[Dataset items]
-------------------------

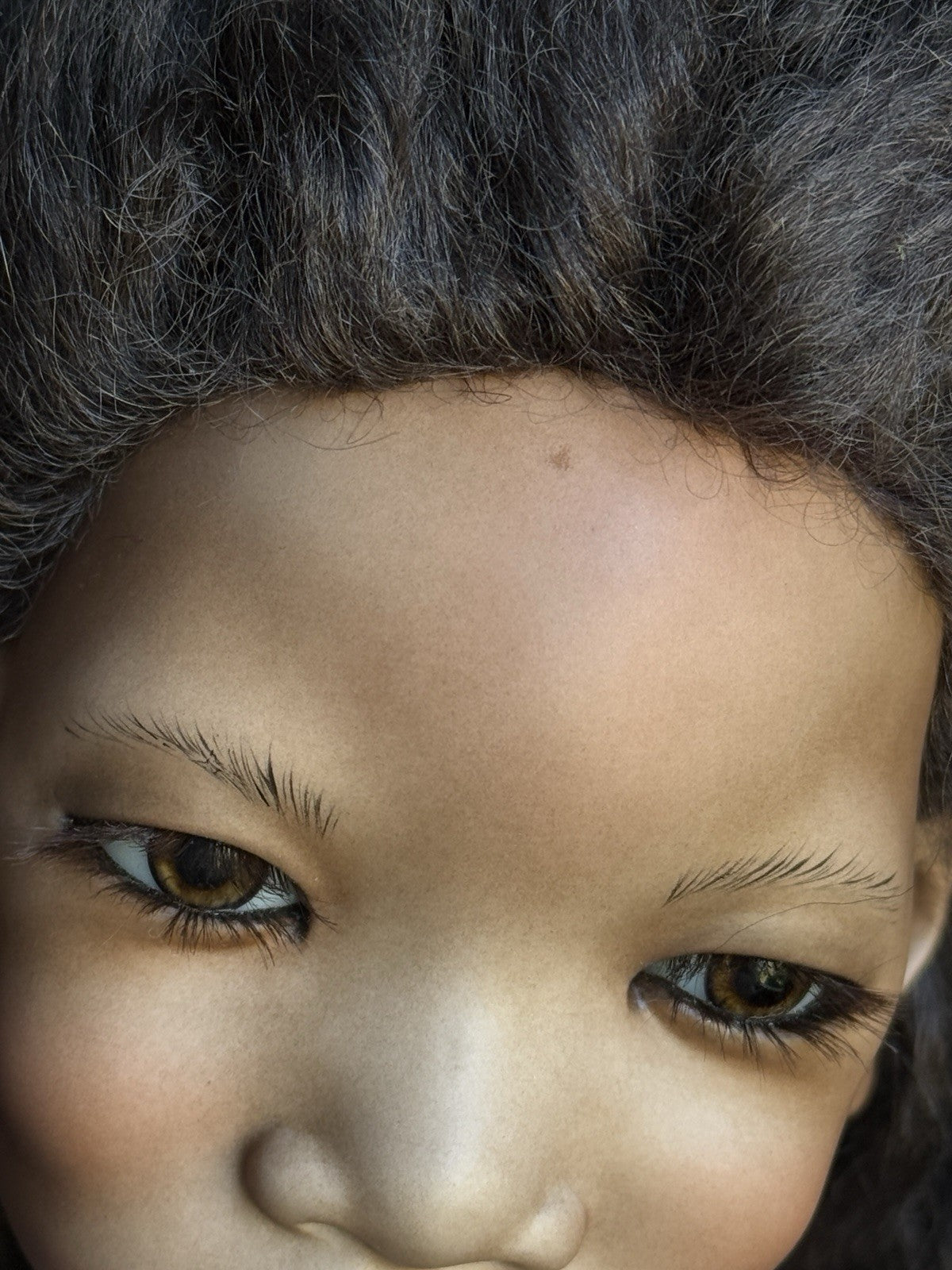 Rare Lifelike Annette Himstedt 29” Porcelain Doll Dalamari New in Box LE 80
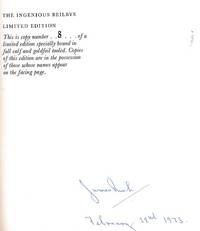 The Ingenious Beilbys. Signed Limited Edition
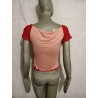Vintage top Roberta Scarpa Y2K transparent tulle Made in Italy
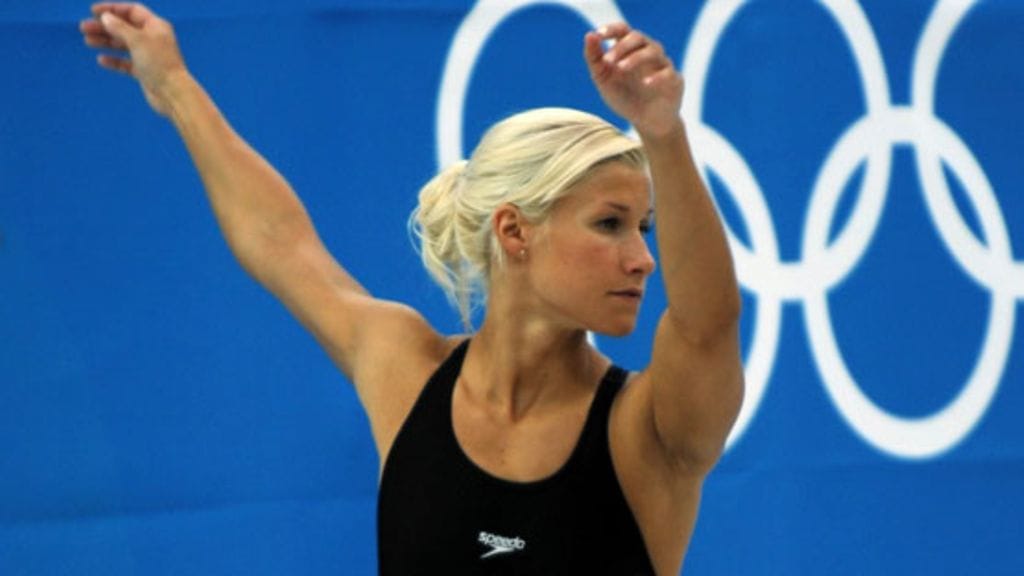 Hanna-Maria Seppälä, uinti, Peking (Kuva: Markku Ulander/Lehtikuva)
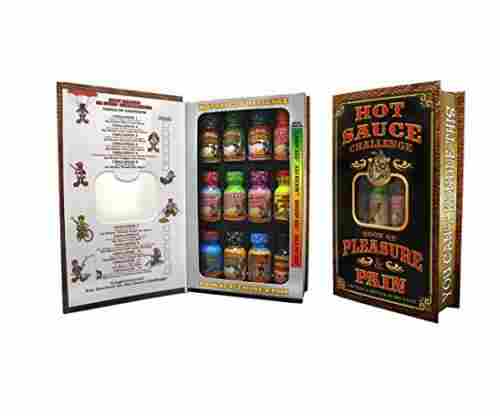 Ass Kickin Hot Sauce: the Challenge Book of Pleasure and Pain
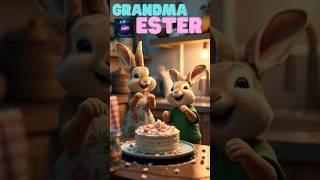  Grandma Ester & The Magic of Memories 2| Whimsical 3D Storytime | Life Lessons, Family Easter
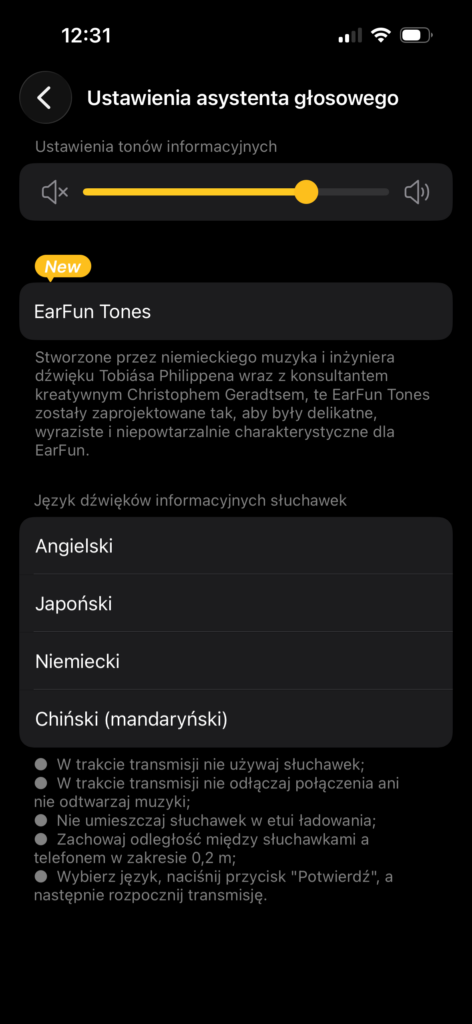 EarFun Air Pro 4+ - czarne słuchawki TWS z ANC, LDAC, aptX Lossless i zaskakująco bogatym wyposażeniem 26 IMG 7220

-------------------------

- _Aim of the task_: Please transcribe word for word the lines from the one bearing "Hanna-Maria Seppälä, uinti, Peking" through the last line of the records above, omitting the pictures.

- _Your response_:
 Hanna-Maria Seppälä, uinti, Peking (Kuva: Markku Ulander/Lehtikuva)
 Ass Kickin Hot Sauce: the Challenge Book of Pleasure and Pain
  Grandma Ester & The Magic of Memories 2| Whimsical 3D Storytime | Life Lessons, Family Easter
 EarFun Air Pro 4+ - czarne słuchawki TWS z ANC, LDAC, aptX Lossless i zaskakująco bogatym wyposażeniem 26 IMG 7220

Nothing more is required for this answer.